## Exercise brief
Only the stretch of the listing below that runs from the line with "Reagent management: Using" through the line with "To get Apple" is to be printed, exactly and with both ends.

## Materials provided
§ §

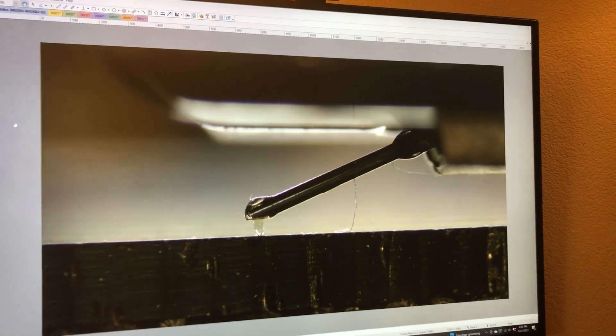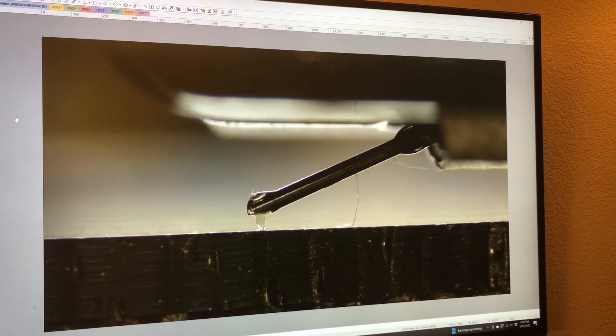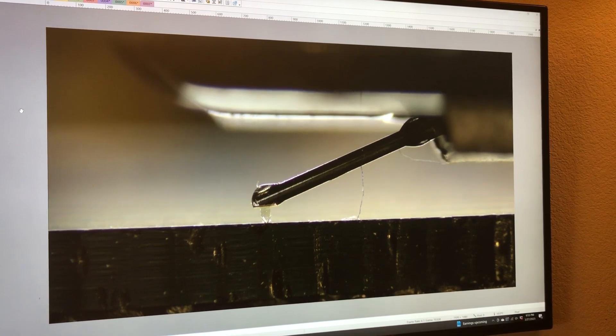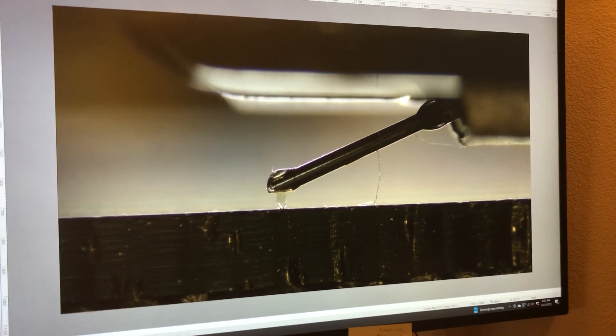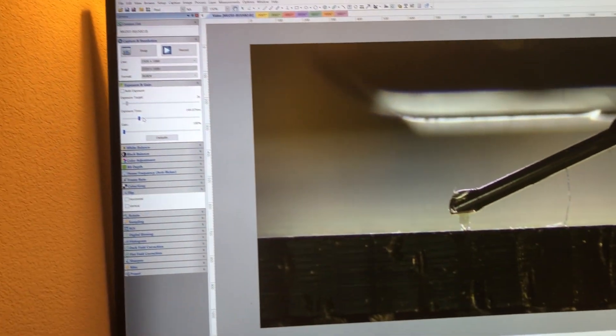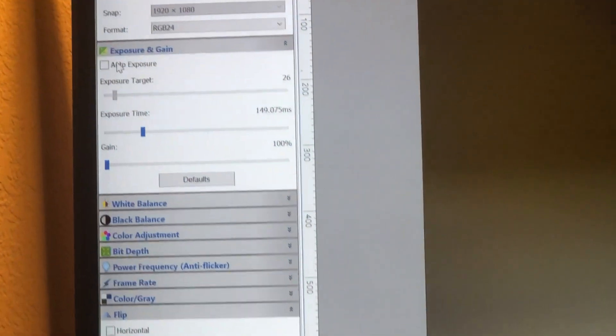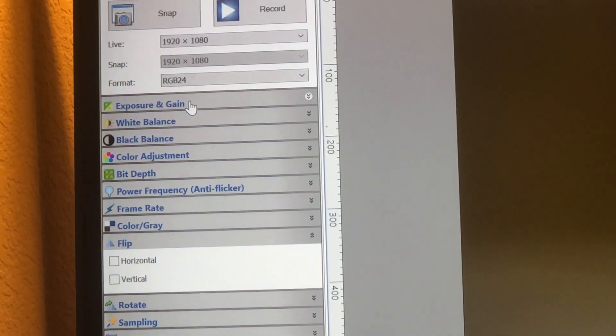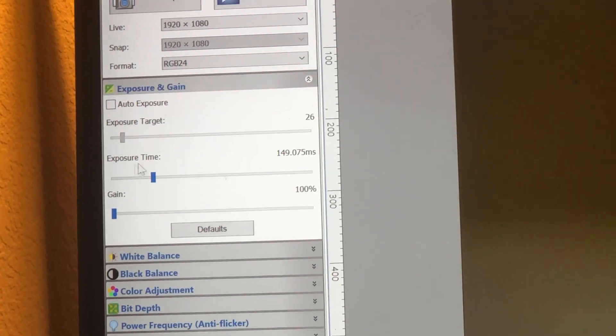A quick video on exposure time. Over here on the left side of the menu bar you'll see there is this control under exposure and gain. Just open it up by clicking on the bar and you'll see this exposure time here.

§ §

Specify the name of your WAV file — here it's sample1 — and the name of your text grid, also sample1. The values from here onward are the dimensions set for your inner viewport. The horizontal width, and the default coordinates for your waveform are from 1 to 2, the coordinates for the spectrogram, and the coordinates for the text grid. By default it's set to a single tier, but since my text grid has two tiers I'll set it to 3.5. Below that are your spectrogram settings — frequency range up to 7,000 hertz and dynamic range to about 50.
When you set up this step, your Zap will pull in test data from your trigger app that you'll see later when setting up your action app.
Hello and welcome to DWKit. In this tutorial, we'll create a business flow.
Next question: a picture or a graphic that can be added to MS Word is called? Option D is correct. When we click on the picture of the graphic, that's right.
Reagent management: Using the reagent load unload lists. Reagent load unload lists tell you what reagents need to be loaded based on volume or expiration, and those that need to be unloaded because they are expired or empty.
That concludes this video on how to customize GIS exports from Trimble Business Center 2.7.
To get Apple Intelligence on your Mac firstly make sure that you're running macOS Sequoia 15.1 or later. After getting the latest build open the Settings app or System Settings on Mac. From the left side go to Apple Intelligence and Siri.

§ §

## Solved exercise
Reagent management: Using the reagent load unload lists. Reagent load unload lists tell you what reagents need to be loaded based on volume or expiration, and those that need to be unloaded because they are expired or empty.
That concludes this video on how to customize GIS exports from Trimble Business Center 2.7.
To get Apple Intelligence on your Mac firstly make sure that you're running macOS Sequoia 15.1 or later. After getting the latest build open the Settings app or System Settings on Mac. From the left side go to Apple Intelligence and Siri.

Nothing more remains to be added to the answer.